#### [Required work]
Leave the pictures out. Transcribe exactly every line from the start of the records through the one containing "CLANE�i�N���l�j�́u�N���l �I�� CLANE".

#### [Records supplied]

────────

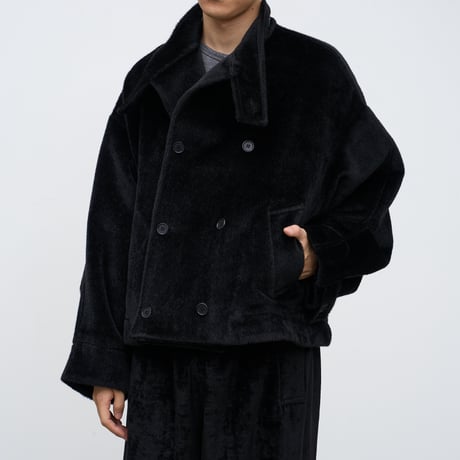 GABRIELA COLL GARMENTS(ガブリエラ コール ガーメンツ) /Loro Piana Suri Alpaca Cropped Oversized Coat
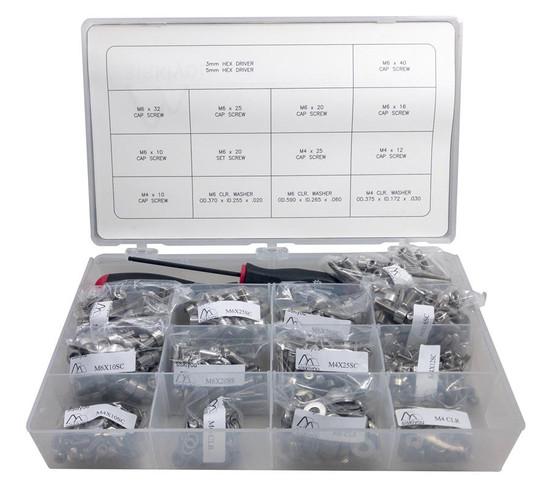 SW-1 Series Hardware Assortment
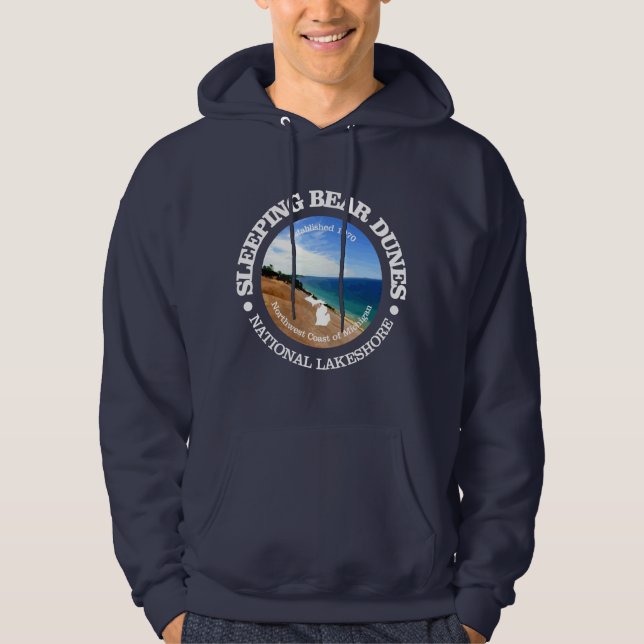 Sleeping Bear Dunes Hoodie (Front)
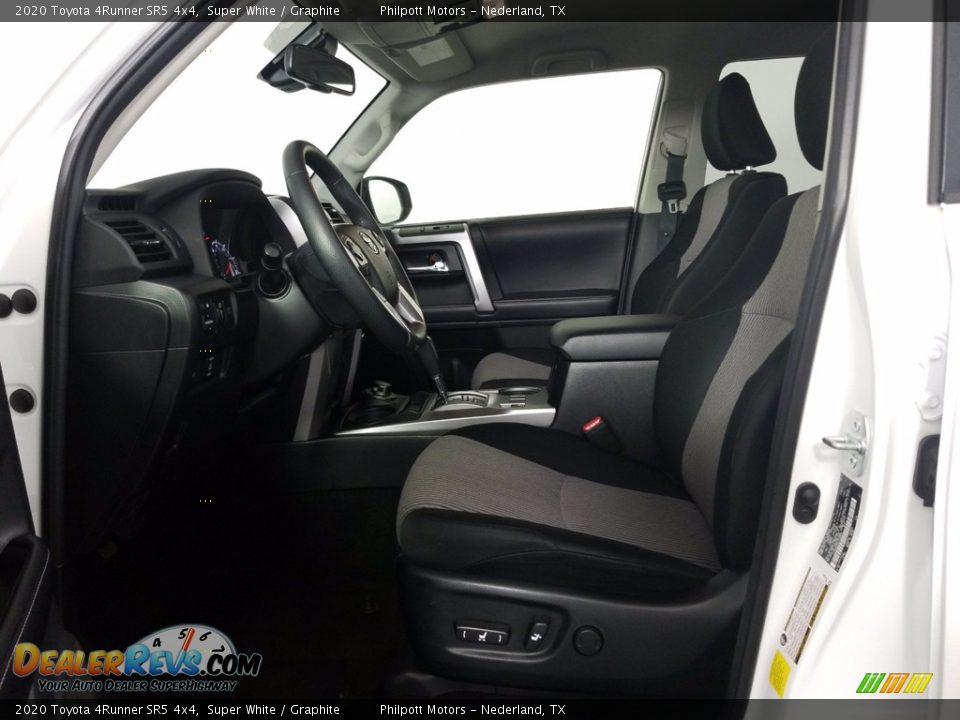 2020 Toyota 4Runner SR5 4x4 Super White / Graphite Photo #29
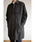 CLANE�i�N���l�j�́u�N���l �I�� CLANE HOMME / �X�^���h�t�H�[���J���[�R�[�g STAND FALL COLLAR COAT�i�X�e���J���[�R�[�g�j�v�b�u���b�N 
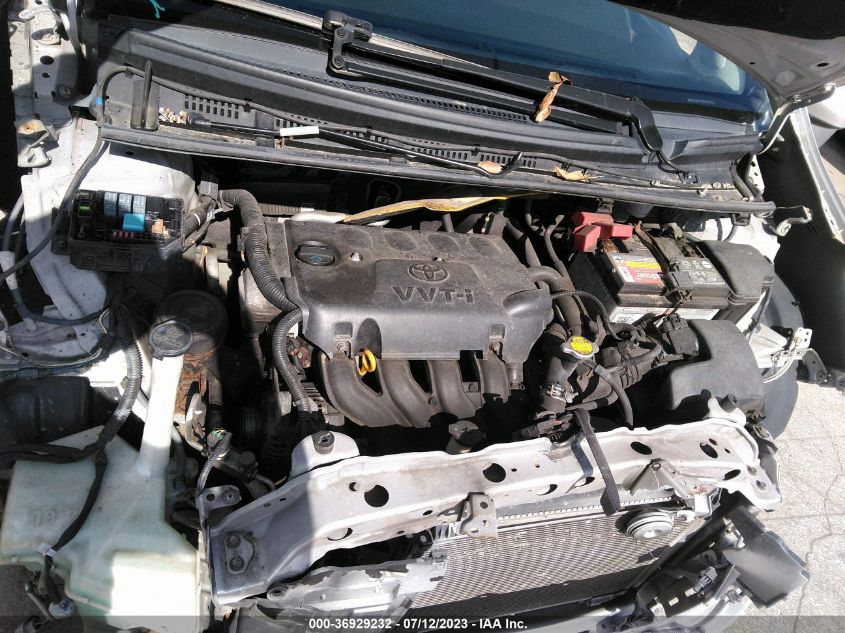 2015 TOYOTA YARIS L/SE/LE - VNKKTUD37FA015018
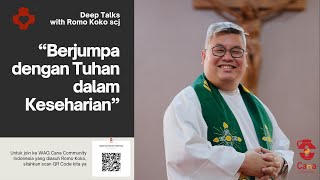 Perjalanan ke Emmaus: Berjumpa dengan Allah dalam Keseharian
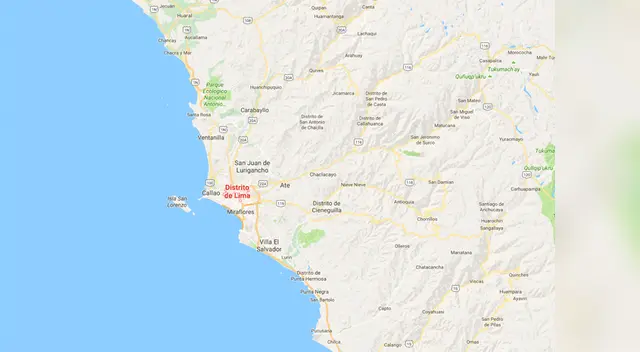 Otro sismo en Lima enciende las alertas en Lima y el Callao Otro sismo en Lima enciende las alertas en Lima y el Callao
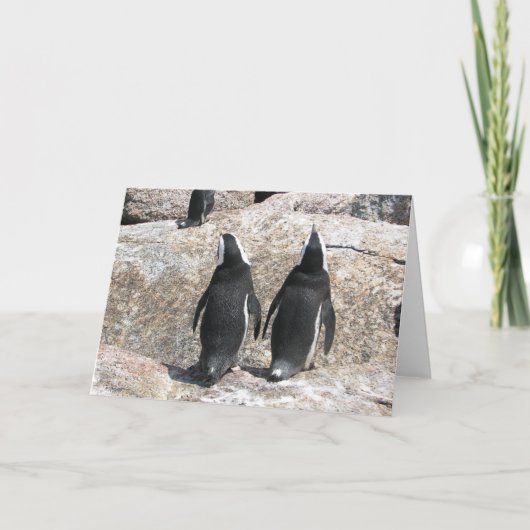 Die besten Freunde Karte (Vorderseite)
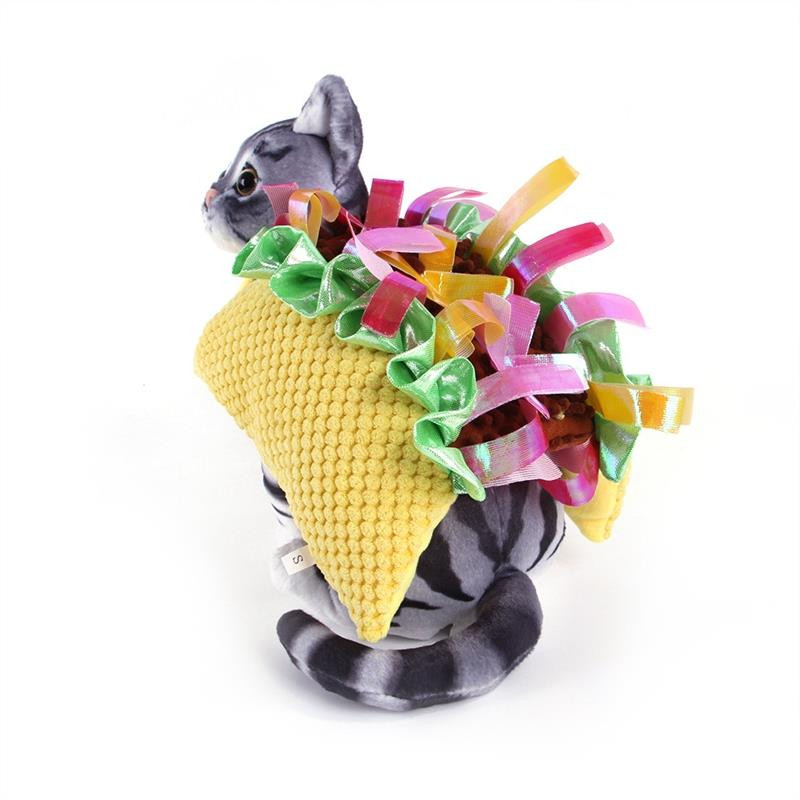 Costum de Halloween pentru animale de companie, haine amuzante, în formă de hamburger, pentru cățeluș, haine pentru pisicuțe de vacanță, pentru pisici, pentru petrecere, accesorii pentru câini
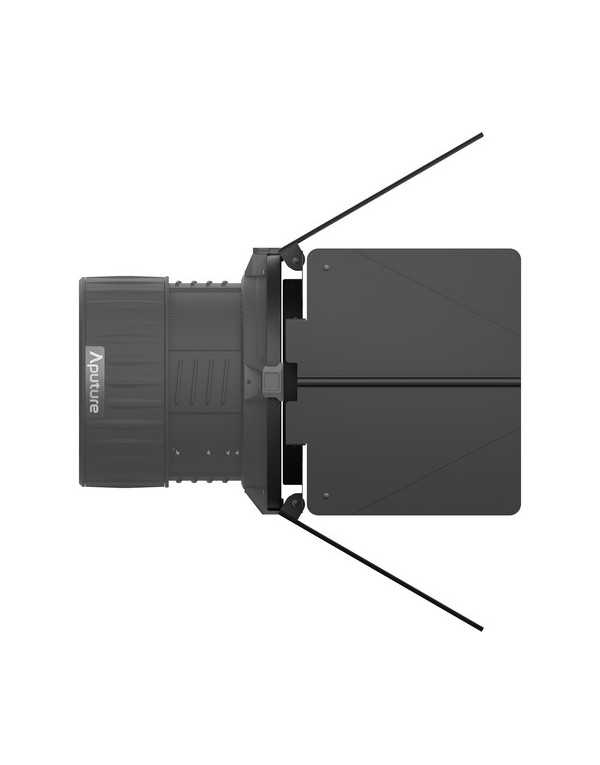 Aputure F10 Barndoors for LS 600d Fresnel Attachment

────────

#### [Reply to the exercise]
 GABRIELA COLL GARMENTS(ガブリエラ コール ガーメンツ) /Loro Piana Suri Alpaca Cropped Oversized Coat
 SW-1 Series Hardware Assortment
 Sleeping Bear Dunes Hoodie (Front)
 2020 Toyota 4Runner SR5 4x4 Super White / Graphite Photo #29
 CLANE�i�N���l�j�́u�N���l �I�� CLANE HOMME / �X�^���h�t�H�[���J���[�R�[�g STAND FALL COLLAR COAT�i�X�e���J���[�R�[�g�j�v�b�u���b�N 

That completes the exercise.